As I've said multiple times, this was a designed feature, and not a bug. The goal was not to measure the broadest possible kind of vandalism's reversion rate, as that has been amply studied*, but a specific kind. Complaining that this specific kind is 'skewed' compared to 'all possible vandalism related to external links' is to miss the point.
* Wikipedia generally does very well on *obvious* vandalism, and especially since the introduction of anti-vandalism bots with machine learning techniques. There's no need for anyone to spend time measuring it except perhaps bot-writers to finetune their statistics.
In particular the edit summaries were very atypical for vandalism, if I'd seen that edit summary on my watchlist I would probably have just sighed and taken it as another example of deletionism in action.
I propose a version of http://en.wikipedia.org/wiki/Poe%27s_law - it is impossible to create an example of deletionism mindless enough to be detectable as such if it comes with jargon attached.

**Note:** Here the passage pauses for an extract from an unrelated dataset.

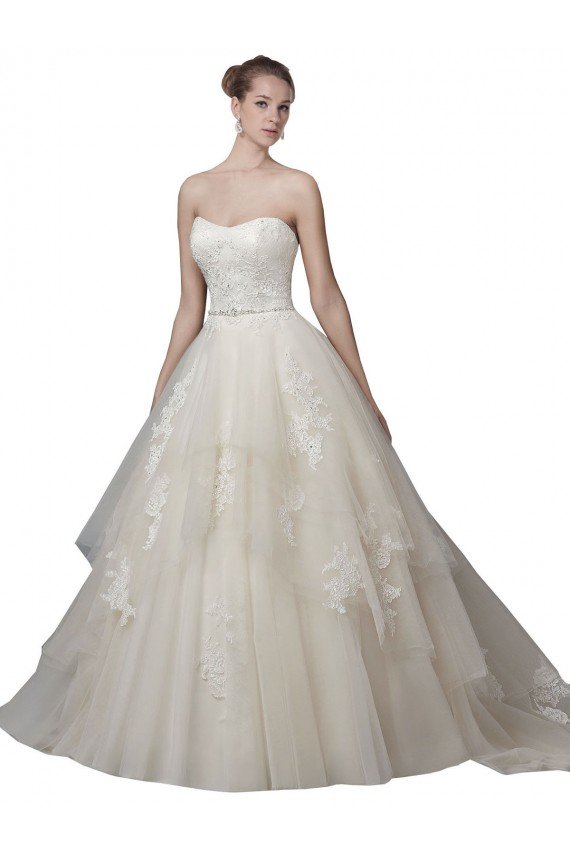 Outlet Strapless Ball Gown Tulle Wedding Dress with Lace Appliques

Of the more than 13,000 pages on my watchlist I doubt there are 13 where I would look at such an edit, and that's if it was one of the changes on my watchlist that I was even aware of - it is far too big to fully check every day. Most IP vandals don't use jargon in edit summaries, and I know I'm not the only editor who is more suspicious of IP edits with blank edit summaries.

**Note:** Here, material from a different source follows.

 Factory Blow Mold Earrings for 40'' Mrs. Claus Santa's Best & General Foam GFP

You only ran the experiment for one month. I often revert older vandalism than that, I may be unusual there in that I've got some tools for finding vandalism that has got past the hugglers, but I'm not unusual in sometimes taking articles back to the "last clean version".

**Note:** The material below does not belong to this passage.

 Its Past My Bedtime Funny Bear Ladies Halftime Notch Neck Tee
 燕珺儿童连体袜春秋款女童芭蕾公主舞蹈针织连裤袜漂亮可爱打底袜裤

You are unusual. When I was spending time reading academic publications on Wikipedia a few years ago, a number of them dealt with quantifying vandalism and reversions; almost all vandalism was reverted within days, and reversions which took longer than a month were very rare (0-10%, IIRC, to be very generous). This was why I chose to wait a month, because waiting longer added nothing. A week would have been adequate.
There are a number of related papers, but for brevity's sake take ftp://193.206.140.34/mirrors/epics-at-lnl/WikiDumps/localhost/group282-priedhorsky.pdf which found a exponential distribution for ordinary vandalism:
42% of damage incidents are repaired essentially immediately (i.e., within one estimated view). This result is roughly consistent with the work of Vi ́gas et al. [20], which showed that the median persistence of certain types of damage was 2.8 minutes. However, 11% of incidents persist beyond 100 views, 0.75% – 15,756 incidents – beyond 1000 views, and 0.06% – 1,260 incidents – beyond 10,000 views.
On average, the articles concerned had less than 100 page views a day going off stats.grok.se, so by just a few days, most of the edits should have been reverted - if they were going to be, of course. This sort of behavior is why you see such different averages and medians when you go looking in papers; eg
- ["Measuring Wikipedia"](http://eprints.rclis.org/bitstream/10760/6207/1/MeasuringWikipedia2005.pdf), Voss 2005 - ["Studying Cooperation and Conflict between Authors with history flow Visualizations"](http://alumni.media.mit.edu/~fviegas/papers/history_flow.pdf), Viégas et al 2003 - ["Detecting Wikipedia vandalism via spatio-temporal analysis of revision metadata?"](http://repository.upenn.edu/cgi/viewcontent.cgi?article=1963&context=cis...), West 2010 - ["User Contribution and Trust in Wikipedia"](http://www.ics.uci.edu/~sjavanma/CollabCom), Javanmardi et al - ["He says, she says: conflict and coordination in Wikipedia"](http://nguyendangbinh.org/Proceedings/CHI/2007/docs/p453.pdf), Kittur et al 2007
On Thu, May 31, 2012 at 12:03 PM, Thomas Morton morton.thomas@googlemail.com wrote:
This, I think, is a major issue which make the results useless
- The edit summary implies policy knowledge, I'd only check an edit like
that on my watchlist on occasion.
And deletionists have no policy knowledge?